Here, there is a system virtually which I call laissez-faire. I can even call it anarchy. The private drug and equipment companies can actually influence the medical practitioners' behaviour and sell drugs at exorbitant costs. And ultimately, the honest doctor also may overprescribe because they are anxious to do something and others may be in nexus with the pharmaceutical companies. So we ought to prevent that by having very clear cut, evidence-based guidelines, which are prepared with the help of experts from all across the country, not necessarily only in Delhi. All wisdom
doesn't lie in Delhi, whether in medicine or in any other field. So consult people from everywhere, and then get the best of expertise, and then prepare those guidelines.
Keep constantly talking and openly debating. There can be differences of opinion, but they should be aired. And then we must come up with clear-cut guidelines saying that, this is where we have absolutely certain evidence of benefit, or harm, or no use. And here, there are some flexibilities where you can use [this drug]. But they should generally be applicable across the country.
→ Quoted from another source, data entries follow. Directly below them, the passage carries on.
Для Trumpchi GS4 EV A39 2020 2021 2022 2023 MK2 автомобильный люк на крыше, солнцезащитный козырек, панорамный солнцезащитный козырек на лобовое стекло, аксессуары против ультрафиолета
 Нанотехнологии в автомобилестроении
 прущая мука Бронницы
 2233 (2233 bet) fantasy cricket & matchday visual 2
And as experiences are being gathered in different parts of the country, that experience must constantly feed back into this process. If some doctor in Kerala or in Hyderabad or in Bhopal finds something is very useful, then that must be tried out and critically appraised. But again, just case series or individual experiences, that 'in my experience this has happened', doesn't really stand up as medical evidence. It should be subjected to scrutiny trials, even case series must be critically appraised. Those are the kinds of things that must be institutionalised across the country. And if we can bring in those standardisation elements, then we will find a lot of misuse and abuse of drugs being prevented.